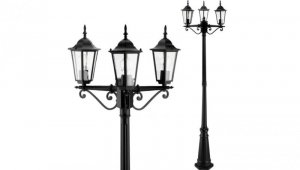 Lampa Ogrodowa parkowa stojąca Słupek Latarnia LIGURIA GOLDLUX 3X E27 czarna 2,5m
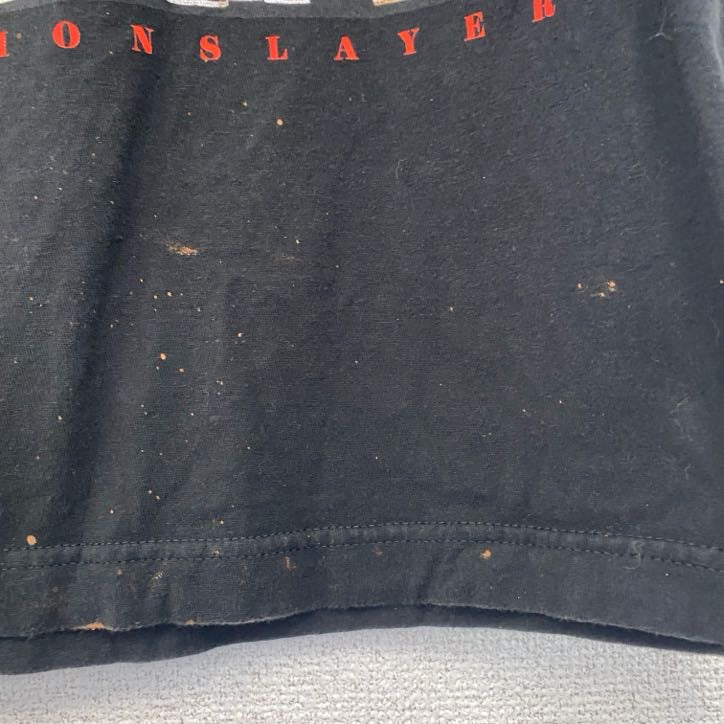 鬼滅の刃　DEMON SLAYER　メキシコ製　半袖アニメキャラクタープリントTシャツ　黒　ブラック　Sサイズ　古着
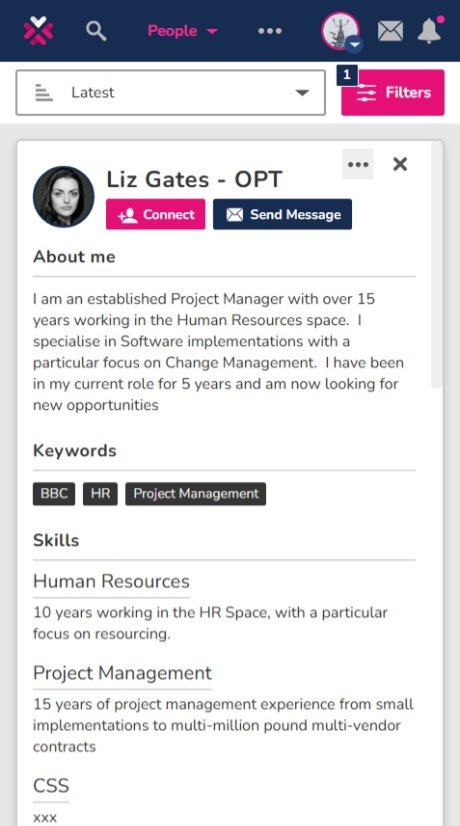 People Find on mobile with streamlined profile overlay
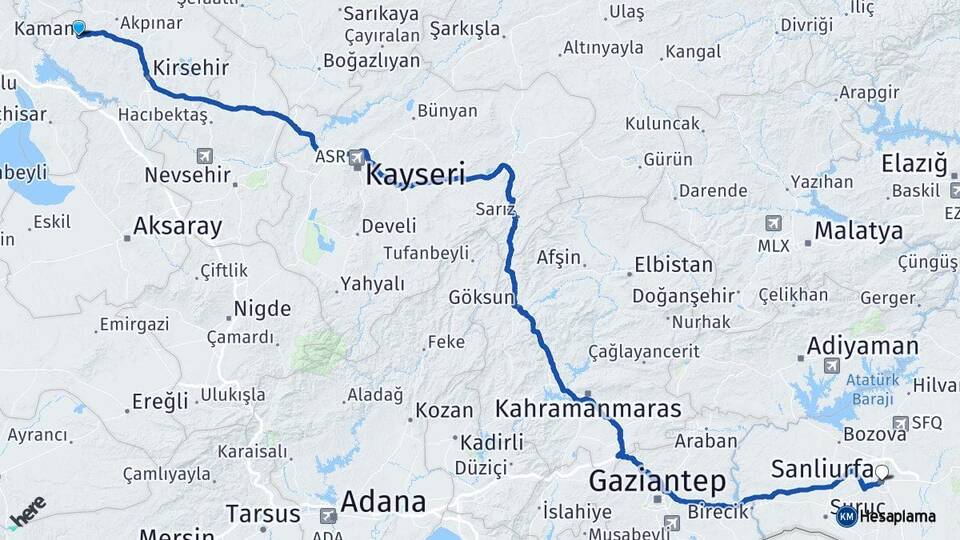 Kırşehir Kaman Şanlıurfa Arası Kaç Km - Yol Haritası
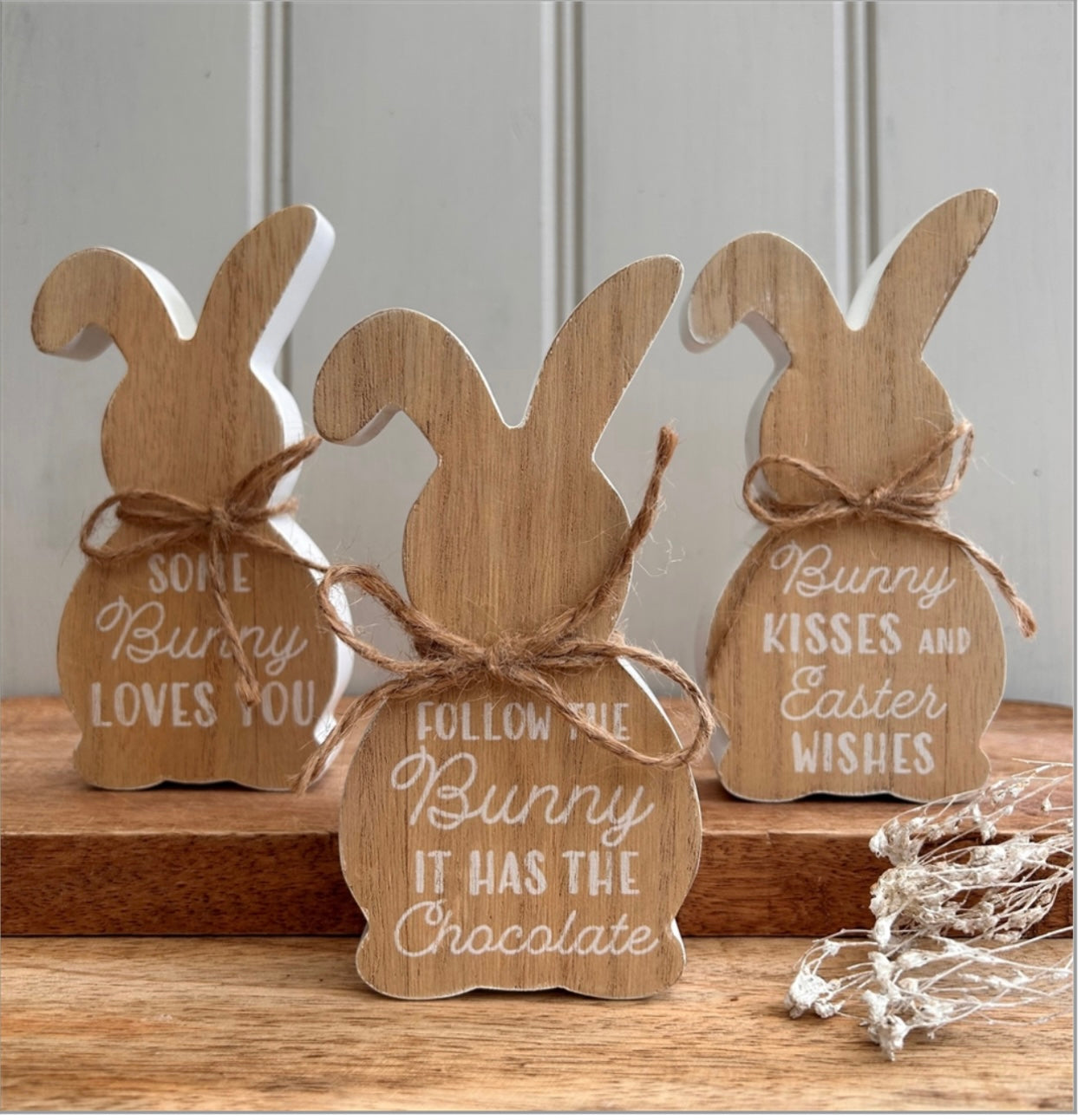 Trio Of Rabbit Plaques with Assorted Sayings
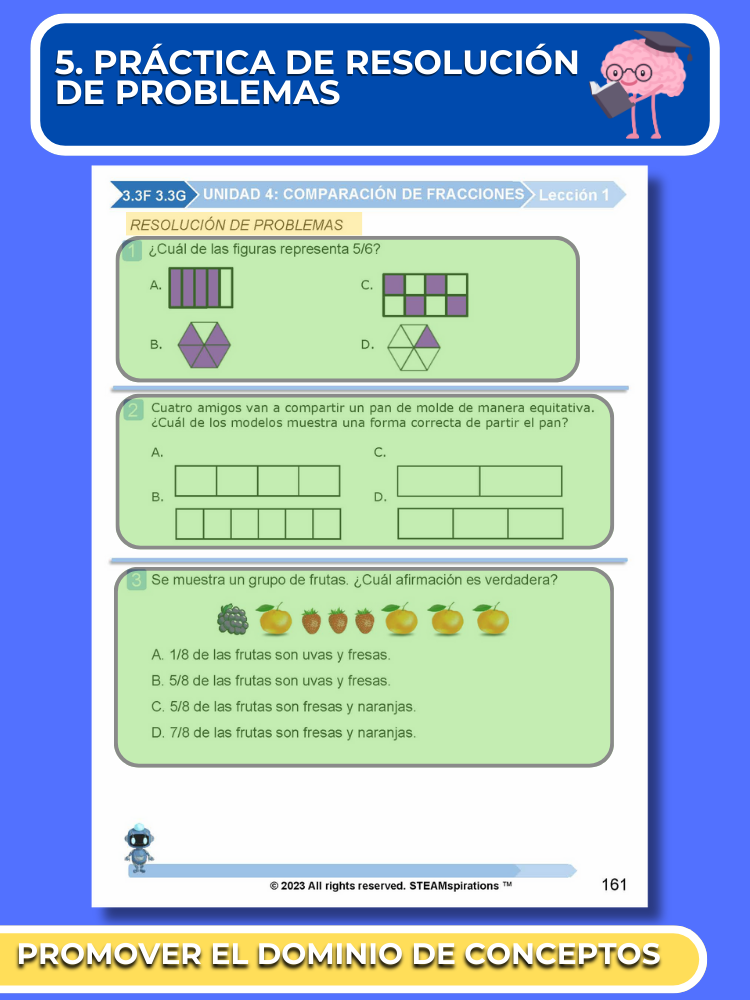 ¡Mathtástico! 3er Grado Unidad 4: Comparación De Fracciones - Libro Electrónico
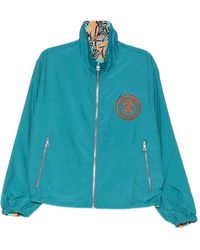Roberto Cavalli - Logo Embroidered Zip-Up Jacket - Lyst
--
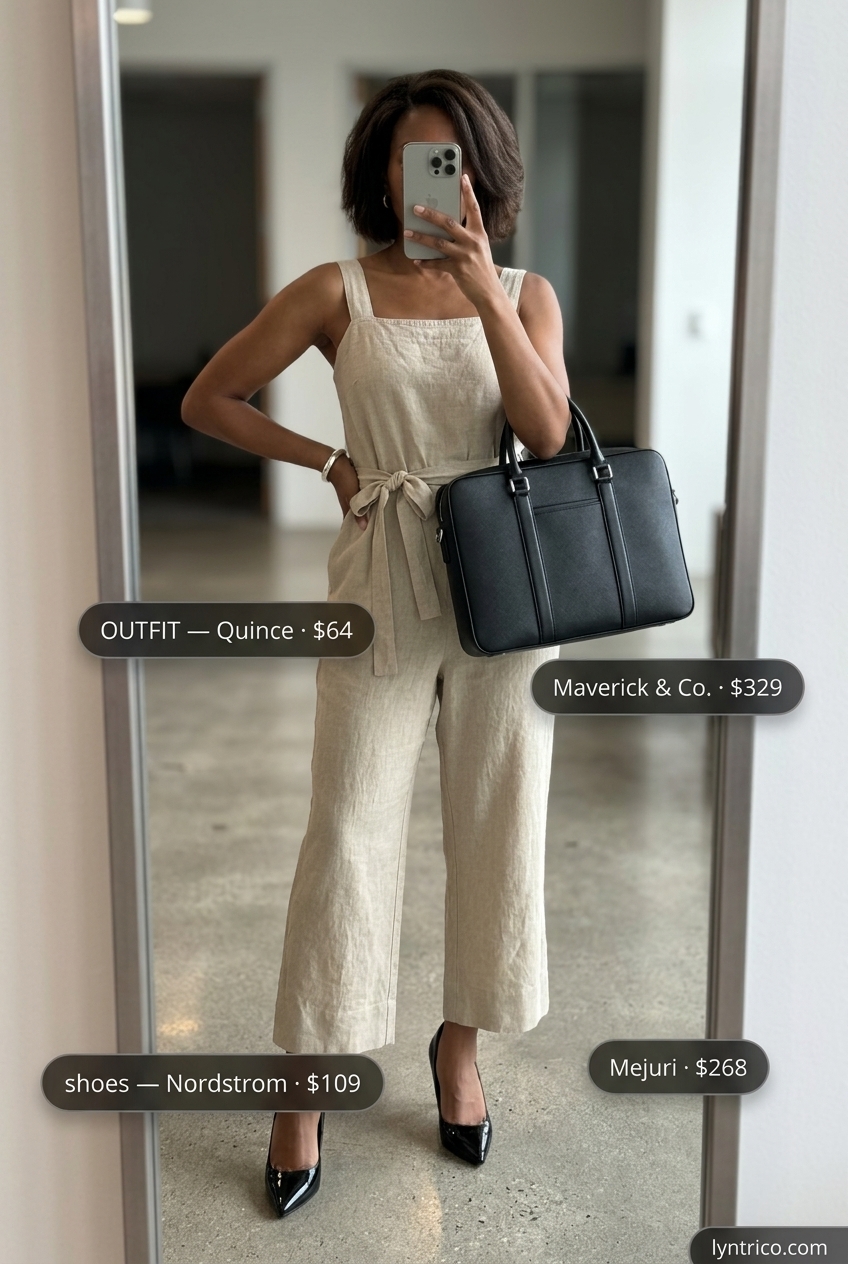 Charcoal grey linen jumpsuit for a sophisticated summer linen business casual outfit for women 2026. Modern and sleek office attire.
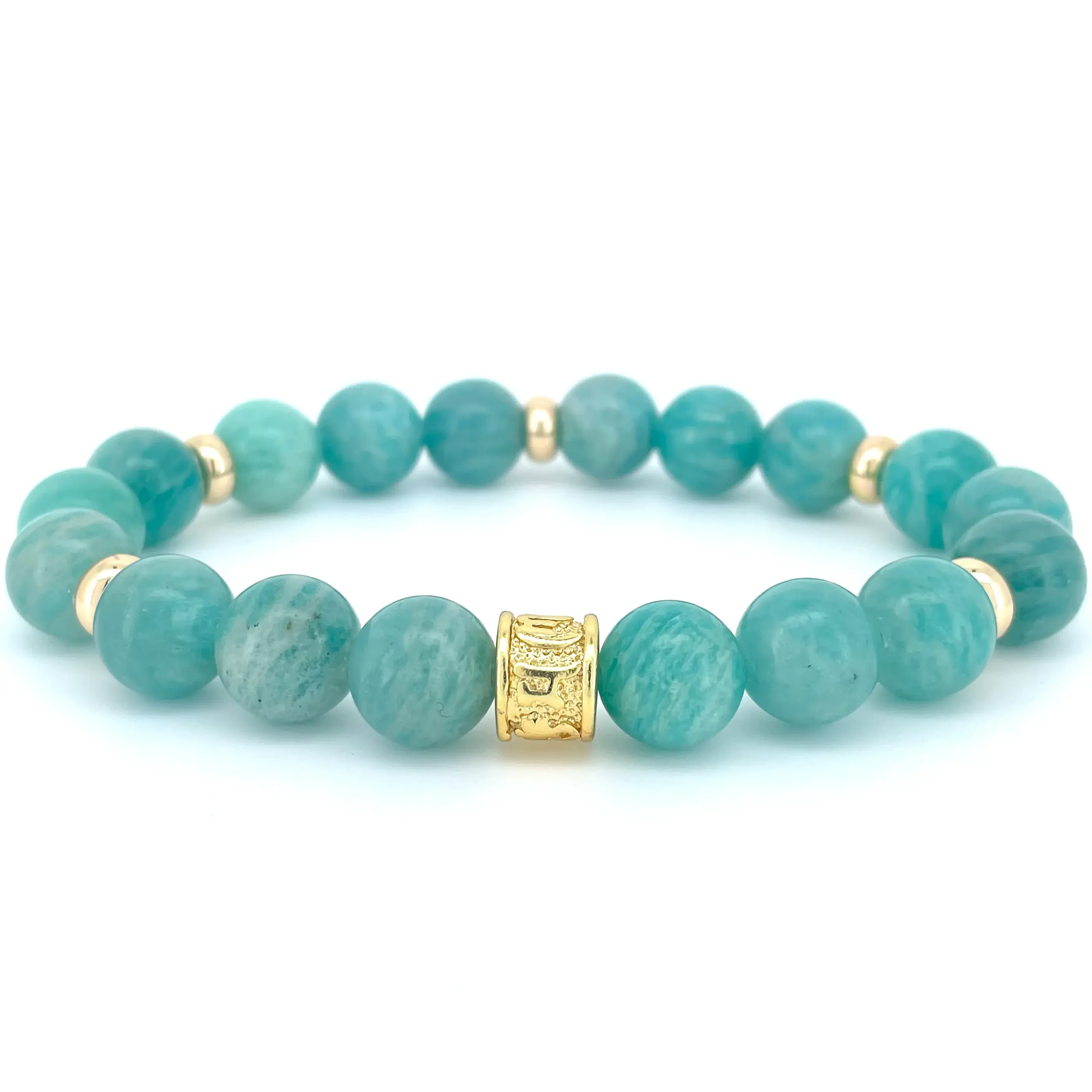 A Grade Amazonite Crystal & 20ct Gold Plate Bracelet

## Task prompt
In the listing above, find the line with "Lampa Ogrodowa parkowa" and the line with "Roberto Cavalli - Logo". Set down exactly those lines and everything between them, skipping pictures.

## Answer to the problem
 Lampa Ogrodowa parkowa stojąca Słupek Latarnia LIGURIA GOLDLUX 3X E27 czarna 2,5m
 鬼滅の刃　DEMON SLAYER　メキシコ製　半袖アニメキャラクタープリントTシャツ　黒　ブラック　Sサイズ　古着
 People Find on mobile with streamlined profile overlay
 Kırşehir Kaman Şanlıurfa Arası Kaç Km - Yol Haritası
 Trio Of Rabbit Plaques with Assorted Sayings
 ¡Mathtástico! 3er Grado Unidad 4: Comparación De Fracciones - Libro Electrónico
Roberto Cavalli - Logo Embroidered Zip-Up Jacket - Lyst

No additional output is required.